Painting by Aubrey Beardsley

"The Comedy-Ballet of Marionnettes, as performed by the troupe of the Theatre-Impossible", first drawing, published in The Yellow Book, vol.2, July 1894

A Caprice is the only known oil painting by English artist Aubrey Beardsley, made c.1894. It has been held by the Tate Gallery since 1923. Unusually, the work is painted with two different images, one on each side of the canvas. The unfinished surreal images both have covert sexual imagery.

The painting on the front of the canvas, A Caprice, is believed to have been painted first. It depicts a scene in a theatre. A woman in a black dress with green details is being led by a short black-faced person in a red costume towards an arched doorway opening onto an auditorium. The woman has a white feather in her black hat, and is holding a white muff; her pallid white face is shown in profile, with prominent red lips and cheeks.

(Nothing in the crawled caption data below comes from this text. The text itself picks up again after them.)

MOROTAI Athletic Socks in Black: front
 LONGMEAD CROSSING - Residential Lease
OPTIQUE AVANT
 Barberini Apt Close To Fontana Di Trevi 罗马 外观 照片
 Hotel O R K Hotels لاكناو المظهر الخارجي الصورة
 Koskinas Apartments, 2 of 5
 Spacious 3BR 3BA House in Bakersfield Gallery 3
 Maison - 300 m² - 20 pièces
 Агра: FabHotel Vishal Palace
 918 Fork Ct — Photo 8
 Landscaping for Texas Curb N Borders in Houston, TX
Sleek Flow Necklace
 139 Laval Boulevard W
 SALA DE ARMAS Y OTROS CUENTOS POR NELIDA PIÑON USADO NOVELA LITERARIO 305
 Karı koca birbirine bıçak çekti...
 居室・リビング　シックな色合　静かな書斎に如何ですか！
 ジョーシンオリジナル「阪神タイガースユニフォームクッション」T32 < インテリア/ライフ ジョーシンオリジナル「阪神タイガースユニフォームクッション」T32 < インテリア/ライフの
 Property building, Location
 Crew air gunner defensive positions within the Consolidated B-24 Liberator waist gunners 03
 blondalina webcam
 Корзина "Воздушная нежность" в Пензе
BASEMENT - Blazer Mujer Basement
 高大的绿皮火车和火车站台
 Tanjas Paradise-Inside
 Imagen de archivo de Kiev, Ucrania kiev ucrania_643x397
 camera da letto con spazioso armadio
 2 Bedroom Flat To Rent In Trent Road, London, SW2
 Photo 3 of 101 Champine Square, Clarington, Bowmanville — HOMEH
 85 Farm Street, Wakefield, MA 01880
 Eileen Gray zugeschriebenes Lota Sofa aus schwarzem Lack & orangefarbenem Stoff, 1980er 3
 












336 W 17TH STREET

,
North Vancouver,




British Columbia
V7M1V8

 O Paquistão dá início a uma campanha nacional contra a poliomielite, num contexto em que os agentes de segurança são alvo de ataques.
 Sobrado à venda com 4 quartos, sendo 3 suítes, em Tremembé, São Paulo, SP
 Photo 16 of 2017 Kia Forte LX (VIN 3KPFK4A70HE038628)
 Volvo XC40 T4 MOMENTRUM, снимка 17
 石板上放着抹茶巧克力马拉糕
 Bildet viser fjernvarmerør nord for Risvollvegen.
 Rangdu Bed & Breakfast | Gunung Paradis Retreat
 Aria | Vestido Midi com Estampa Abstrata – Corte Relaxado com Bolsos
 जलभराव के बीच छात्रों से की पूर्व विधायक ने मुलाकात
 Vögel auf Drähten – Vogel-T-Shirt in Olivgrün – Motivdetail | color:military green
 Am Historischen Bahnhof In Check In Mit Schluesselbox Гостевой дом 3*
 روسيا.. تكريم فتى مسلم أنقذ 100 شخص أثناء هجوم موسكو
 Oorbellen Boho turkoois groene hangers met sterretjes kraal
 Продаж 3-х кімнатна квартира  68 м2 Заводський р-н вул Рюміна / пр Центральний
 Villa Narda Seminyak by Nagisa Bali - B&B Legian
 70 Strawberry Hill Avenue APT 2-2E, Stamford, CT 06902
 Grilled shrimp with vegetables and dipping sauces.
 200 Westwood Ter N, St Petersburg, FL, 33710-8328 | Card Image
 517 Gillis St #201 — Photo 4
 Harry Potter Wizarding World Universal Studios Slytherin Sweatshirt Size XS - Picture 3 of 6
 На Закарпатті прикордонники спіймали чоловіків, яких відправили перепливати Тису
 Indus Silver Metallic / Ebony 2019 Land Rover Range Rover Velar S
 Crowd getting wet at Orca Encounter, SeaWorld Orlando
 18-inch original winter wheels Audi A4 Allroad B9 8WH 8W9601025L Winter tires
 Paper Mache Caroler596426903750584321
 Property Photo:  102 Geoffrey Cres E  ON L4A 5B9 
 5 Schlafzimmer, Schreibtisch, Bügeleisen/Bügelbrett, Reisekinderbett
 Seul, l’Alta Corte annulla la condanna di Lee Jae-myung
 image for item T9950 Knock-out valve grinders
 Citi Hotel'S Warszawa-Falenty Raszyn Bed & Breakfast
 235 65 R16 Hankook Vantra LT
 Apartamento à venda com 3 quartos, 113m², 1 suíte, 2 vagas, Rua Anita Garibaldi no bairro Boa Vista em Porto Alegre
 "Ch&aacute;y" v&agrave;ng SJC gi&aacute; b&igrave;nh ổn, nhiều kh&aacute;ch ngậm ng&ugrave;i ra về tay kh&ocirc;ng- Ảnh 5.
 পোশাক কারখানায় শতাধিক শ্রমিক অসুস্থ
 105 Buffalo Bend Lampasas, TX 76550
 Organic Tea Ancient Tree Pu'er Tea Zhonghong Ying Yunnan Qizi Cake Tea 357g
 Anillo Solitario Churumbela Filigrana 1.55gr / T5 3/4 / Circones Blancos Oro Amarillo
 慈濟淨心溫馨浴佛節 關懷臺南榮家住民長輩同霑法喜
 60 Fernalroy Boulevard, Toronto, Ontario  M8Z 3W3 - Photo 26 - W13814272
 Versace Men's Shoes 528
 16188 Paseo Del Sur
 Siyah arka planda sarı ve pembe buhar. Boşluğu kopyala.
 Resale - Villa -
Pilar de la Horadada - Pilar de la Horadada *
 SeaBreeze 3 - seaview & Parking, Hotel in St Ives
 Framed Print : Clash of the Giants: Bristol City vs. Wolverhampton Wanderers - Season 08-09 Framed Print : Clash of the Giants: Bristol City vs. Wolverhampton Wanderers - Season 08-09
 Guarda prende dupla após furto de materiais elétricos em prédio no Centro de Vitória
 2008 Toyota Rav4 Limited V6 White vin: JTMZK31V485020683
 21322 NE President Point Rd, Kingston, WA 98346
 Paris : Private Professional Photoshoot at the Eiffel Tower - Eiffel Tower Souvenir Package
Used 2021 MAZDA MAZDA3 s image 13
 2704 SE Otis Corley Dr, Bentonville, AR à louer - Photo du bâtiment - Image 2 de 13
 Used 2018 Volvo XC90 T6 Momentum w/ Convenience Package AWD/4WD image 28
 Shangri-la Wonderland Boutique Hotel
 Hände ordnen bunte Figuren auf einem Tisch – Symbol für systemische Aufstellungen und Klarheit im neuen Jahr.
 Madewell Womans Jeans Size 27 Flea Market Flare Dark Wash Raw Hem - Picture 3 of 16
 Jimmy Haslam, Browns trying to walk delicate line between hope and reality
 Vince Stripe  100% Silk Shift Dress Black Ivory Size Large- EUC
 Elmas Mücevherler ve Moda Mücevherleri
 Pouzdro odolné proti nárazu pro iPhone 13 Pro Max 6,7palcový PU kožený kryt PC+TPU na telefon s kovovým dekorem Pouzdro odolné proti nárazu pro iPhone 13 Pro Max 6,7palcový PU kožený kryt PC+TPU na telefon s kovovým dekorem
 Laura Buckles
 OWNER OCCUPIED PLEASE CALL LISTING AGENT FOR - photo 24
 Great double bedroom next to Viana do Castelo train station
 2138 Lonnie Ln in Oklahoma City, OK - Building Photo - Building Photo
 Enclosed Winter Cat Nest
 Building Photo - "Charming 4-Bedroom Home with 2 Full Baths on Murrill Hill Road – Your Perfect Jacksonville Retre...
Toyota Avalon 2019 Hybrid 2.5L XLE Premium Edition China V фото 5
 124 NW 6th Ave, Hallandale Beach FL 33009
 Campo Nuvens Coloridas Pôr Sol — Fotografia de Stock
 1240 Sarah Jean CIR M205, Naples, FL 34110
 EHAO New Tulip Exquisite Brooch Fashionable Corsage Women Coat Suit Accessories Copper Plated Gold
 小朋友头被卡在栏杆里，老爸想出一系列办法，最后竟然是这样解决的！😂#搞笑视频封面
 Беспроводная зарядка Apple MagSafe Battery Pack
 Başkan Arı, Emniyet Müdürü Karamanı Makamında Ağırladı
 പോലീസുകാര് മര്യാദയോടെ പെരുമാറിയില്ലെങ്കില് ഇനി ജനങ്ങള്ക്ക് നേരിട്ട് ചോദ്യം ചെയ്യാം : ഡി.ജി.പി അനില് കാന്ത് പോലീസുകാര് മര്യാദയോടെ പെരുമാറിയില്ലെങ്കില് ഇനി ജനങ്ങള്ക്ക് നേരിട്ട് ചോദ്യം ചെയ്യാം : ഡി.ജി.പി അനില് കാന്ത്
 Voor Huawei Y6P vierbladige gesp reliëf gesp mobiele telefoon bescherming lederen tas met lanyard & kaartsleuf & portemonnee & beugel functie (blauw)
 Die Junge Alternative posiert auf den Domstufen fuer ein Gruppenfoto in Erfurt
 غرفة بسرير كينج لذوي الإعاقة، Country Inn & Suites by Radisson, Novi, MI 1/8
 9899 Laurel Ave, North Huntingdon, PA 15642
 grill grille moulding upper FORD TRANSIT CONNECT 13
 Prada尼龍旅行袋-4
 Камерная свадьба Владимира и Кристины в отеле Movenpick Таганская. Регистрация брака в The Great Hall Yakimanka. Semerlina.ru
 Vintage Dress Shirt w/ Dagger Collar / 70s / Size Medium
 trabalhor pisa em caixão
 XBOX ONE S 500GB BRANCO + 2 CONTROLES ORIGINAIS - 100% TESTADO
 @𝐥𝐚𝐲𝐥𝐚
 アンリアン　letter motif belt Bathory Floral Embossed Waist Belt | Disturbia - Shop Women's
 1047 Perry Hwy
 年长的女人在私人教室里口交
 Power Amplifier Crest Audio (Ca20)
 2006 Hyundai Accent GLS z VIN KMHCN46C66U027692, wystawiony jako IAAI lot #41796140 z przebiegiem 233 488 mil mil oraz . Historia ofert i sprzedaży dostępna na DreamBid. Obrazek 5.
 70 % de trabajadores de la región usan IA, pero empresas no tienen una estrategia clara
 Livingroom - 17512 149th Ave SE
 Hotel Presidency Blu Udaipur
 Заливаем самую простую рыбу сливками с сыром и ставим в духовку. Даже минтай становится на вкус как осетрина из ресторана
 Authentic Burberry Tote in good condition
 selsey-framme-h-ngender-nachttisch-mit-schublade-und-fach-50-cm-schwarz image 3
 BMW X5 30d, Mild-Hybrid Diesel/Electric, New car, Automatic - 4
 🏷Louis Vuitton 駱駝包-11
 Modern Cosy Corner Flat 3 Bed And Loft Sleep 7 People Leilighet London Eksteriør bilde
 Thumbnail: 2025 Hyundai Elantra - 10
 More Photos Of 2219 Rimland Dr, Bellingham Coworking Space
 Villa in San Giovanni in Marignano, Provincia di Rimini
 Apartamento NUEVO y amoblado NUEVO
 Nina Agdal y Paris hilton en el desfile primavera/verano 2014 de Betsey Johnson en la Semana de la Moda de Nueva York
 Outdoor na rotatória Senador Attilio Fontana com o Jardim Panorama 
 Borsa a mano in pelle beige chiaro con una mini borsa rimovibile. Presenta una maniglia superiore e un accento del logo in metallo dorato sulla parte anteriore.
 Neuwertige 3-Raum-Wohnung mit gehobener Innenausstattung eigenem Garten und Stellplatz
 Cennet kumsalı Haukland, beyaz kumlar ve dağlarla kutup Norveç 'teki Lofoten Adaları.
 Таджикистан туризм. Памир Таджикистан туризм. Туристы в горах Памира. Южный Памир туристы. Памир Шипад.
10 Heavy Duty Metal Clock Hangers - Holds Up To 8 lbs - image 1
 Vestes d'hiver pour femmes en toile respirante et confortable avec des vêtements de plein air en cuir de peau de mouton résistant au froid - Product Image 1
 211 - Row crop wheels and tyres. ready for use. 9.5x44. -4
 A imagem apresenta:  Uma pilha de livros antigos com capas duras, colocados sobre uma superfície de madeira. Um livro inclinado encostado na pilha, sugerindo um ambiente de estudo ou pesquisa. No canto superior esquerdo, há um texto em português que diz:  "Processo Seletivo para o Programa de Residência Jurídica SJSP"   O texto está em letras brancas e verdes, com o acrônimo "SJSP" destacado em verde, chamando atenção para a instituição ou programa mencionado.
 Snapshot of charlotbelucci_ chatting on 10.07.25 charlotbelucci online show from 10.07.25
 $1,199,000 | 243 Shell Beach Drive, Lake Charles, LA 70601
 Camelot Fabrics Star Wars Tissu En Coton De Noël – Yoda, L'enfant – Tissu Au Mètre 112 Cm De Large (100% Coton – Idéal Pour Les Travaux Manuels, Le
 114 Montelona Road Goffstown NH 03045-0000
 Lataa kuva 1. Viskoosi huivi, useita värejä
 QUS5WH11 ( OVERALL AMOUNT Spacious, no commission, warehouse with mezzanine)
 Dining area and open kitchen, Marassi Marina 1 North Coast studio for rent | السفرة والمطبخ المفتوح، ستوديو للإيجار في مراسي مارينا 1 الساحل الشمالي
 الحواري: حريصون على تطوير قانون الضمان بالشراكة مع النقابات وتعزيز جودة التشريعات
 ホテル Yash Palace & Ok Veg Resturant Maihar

The painting seems to be inspired by the first of Beardsley's three images depicting "The Comedy-Ballet of Marionnettes, as performed by the troupe of the Theatre-Impossible, posed in three drawings", which were published in the second volume of the avant-garde art journal The Yellow Book in July 1894. In the illustration, drapes hanging in the arched doorway give it a phallic appearance. In the painting, the red-clothed dwarf with black face may represent female genitalia.

On the reverse is a painting known as Masked Woman with a White Mouse. The subject, a woman in a black face mask, is similarly wearing a dark dress, and made up with white skin with red lips and a black beauty spot, and black hair. Incongruously, a white mouse is passing on a flat surface before her, as if along the edge of a balcony, but she pays it no attention. The painting occupies the slightly smaller space within the stretcher, which frames the composition. The mouse is commonly interpreted a Freudian symbol for the penis, although some commentators have noted that Freud's psychoanalytical work was not known in London in 1894.

A Caprice measures 30 × 25 in; Masked Woman with a White Mouse measures 25.25 × 20.25 in. The paintings may be influenced by William Rothenstein, who also contributed to The Yellow Book and with whom Beardsley shared a studio. The paintings may also be influenced by works of Pietro Longhi depicting the Venetian Carnival.

Neither painting was finished, and the canvas was abandoned by Beardsley in 1895 and left behind at 114 Cambridge Street, Pimlico, when his lease ended. It was found by the new tenant, Mrs. Pugh, along with many drawings which she destroyed. It was bought by R.A. Walker in 1920; he gave it the title A Caprice, and sold it to the Tate in 1923.